8. Conclusions and Future Work
A new framework based on data-to-text and software visualization to automatically generate explainer videos about the Hopfield neural networks’ execution has been presented. A design based on experience and human-computer interface has been created and presented. A software architecture to build automatic video generation based on Computational Theory of Perceptions has been defined and explained in detail. Four modules form it:
Trace (for capturing the values of the data structures in each instant of time and other relevant information generated in the process of execution).
Frame generation/Local NLG (for creating slides containing texts and graphical representations about that).
Global NLG/Storytelling for the incorporation of texts which allows us to obtain a global communication.
Video generation (for generating a video in mp4 format from a set of images).
Each module has been implemented and tested using an object-based programming language called Java (version 11). We have focused on explaining the content determination and planning phases.
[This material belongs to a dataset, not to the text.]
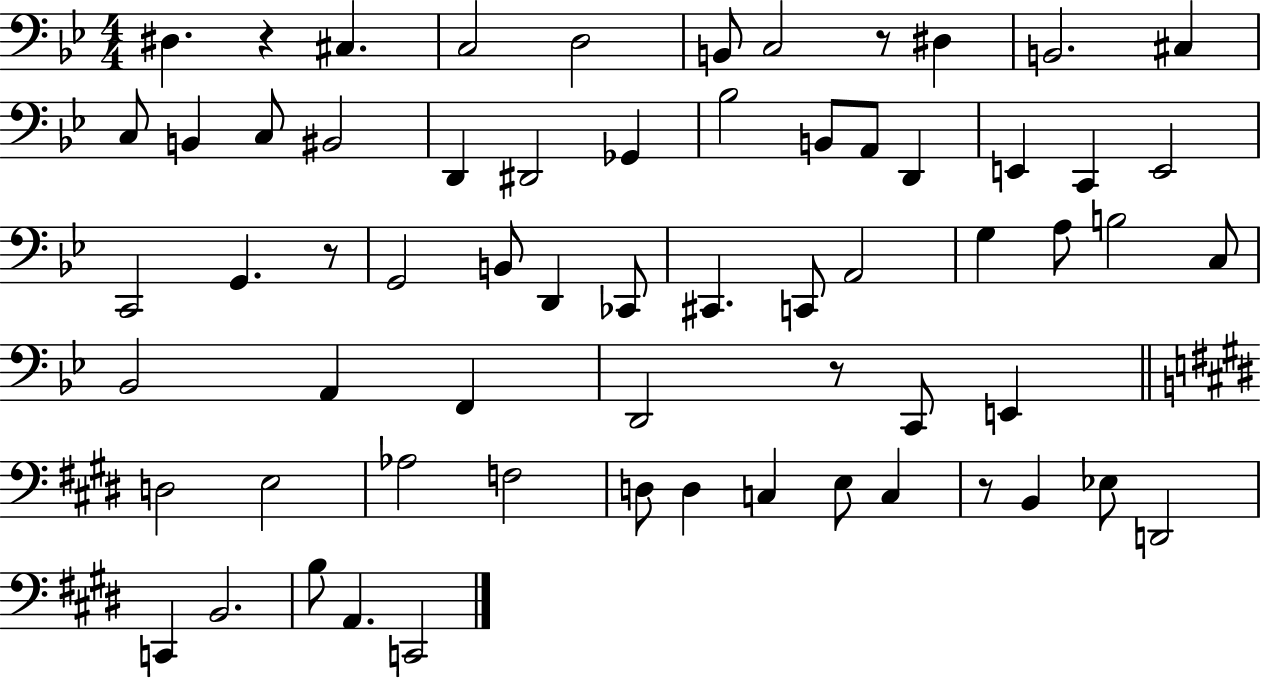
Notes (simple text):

D#3/q. R/q C#3/q. C3/h D3/h B2/e C3/h R/e D#3/q B2/h. C#3/q C3/e B2/q C3/e BIS2/h D2/q D#2/h Gb2/q Bb3/h B2/e A2/e D2/q E2/q C2/q E2/h C2/h G2/q. R/e G2/h B2/e D2/q CES2/e C#2/q. C2/e A2/h G3/q A3/e B3/h C3/e Bb2/h A2/q F2/q D2/h R/e C2/e E2/q D3/h E3/h Ab3/h F3/h D3/e D3/q C3/q E3/e C3/q R/e B2/q Eb3/e D2/h C2/q B2/h. B3/e A2/q. C2/h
Technical details about the implementation have been shown, the main algorithms and data structures implemented in this work have been explained. A real application for the generation of an explainer videos from HNN’s execution has been designed, implemented and explained. Finally, we have positively evaluated that they are a useful tool to obtain a better understanding of the execution of a HNN, but we will need to improve the visual and, above all, textual explanations and the narrative in future works.
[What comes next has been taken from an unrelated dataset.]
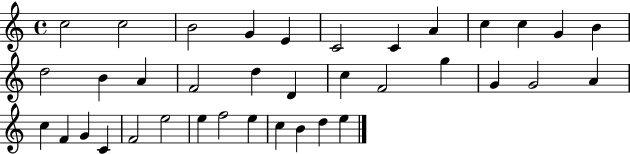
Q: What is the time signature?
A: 4/4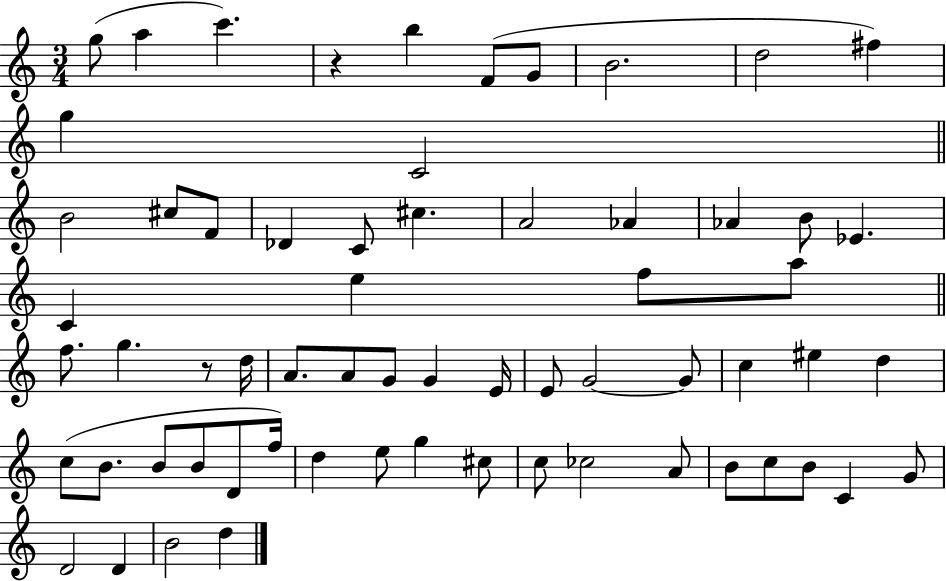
G5/e A5/q C6/q. R/q B5/q F4/e G4/e B4/h. D5/h F#5/q G5/q C4/h B4/h C#5/e F4/e Db4/q C4/e C#5/q. A4/h Ab4/q Ab4/q B4/e Eb4/q. C4/q E5/q F5/e A5/e F5/e. G5/q. R/e D5/s A4/e. A4/e G4/e G4/q E4/s E4/e G4/h G4/e C5/q EIS5/q D5/q C5/e B4/e. B4/e B4/e D4/e F5/s D5/q E5/e G5/q C#5/e C5/e CES5/h A4/e B4/e C5/e B4/e C4/q G4/e D4/h D4/q B4/h D5/q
Therefore, as future work we would like to work on the following challenges:
To improve the video by incorporating sounds, voices and more advanced avatars.
To create an automatic style module for providing users with options about visual aspects of the video (colors, font, speed, so on).
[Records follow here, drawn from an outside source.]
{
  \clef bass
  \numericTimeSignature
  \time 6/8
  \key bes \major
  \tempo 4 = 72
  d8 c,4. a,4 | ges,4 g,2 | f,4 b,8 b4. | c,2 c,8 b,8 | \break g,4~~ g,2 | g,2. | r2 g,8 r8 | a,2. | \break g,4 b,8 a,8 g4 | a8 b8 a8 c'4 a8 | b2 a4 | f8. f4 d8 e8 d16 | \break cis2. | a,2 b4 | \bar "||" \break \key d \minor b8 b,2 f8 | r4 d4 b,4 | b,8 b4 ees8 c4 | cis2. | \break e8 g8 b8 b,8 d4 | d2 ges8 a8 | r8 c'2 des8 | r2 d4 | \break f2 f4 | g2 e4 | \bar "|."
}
To investigate new methods for generating more rich sentences and narratives.
To be able to work with large neural networks using intelligent analysis and automatic summarization of videos [
62].
To employ links in which users can directly interact with the explainer video.
Special mention about future work is related to investigating how automatic explainer videos generation can be used as video tutorials for teaching-learning processes. The main reason is that videos online have become one of the most consumed digital resources, and millions of viewers watch them on YouTube and other platforms. For example, a tutorial on skin retouching in photoshop has been watched for more than a million times and a YouTube channel on photoshop tutorials has more than 170 thousand subscribers. In higher education, videos have also become an essential resource for students. They are integrated and employed as a fundamental part of traditional courses, and they serve as a cornerstone of many courses. On the other hand, they have become in the primary information-delivery mechanism in online classes. In fact, several experts have pointed out that e-learning is the future of education. In this regard, Global Industry Analysts projected e-learning will grow in the future [
63]. Additionally, the current pandemic has driven the use of video tutorials which play an important role in the e-learning area. At the same time, it has been shown how the use of presentation software instructions on video has advantages with respect to those performed on paper [
64]. Currently, video tutorials (recorded or live) are a fundamental resource for students because they provide them with another perspective which becomes the experience of learning in a more dynamic, practical and effective experience [
65]. For all these reasons, automatic explainer video generation can be a useful approach for digital and classical learning in the future.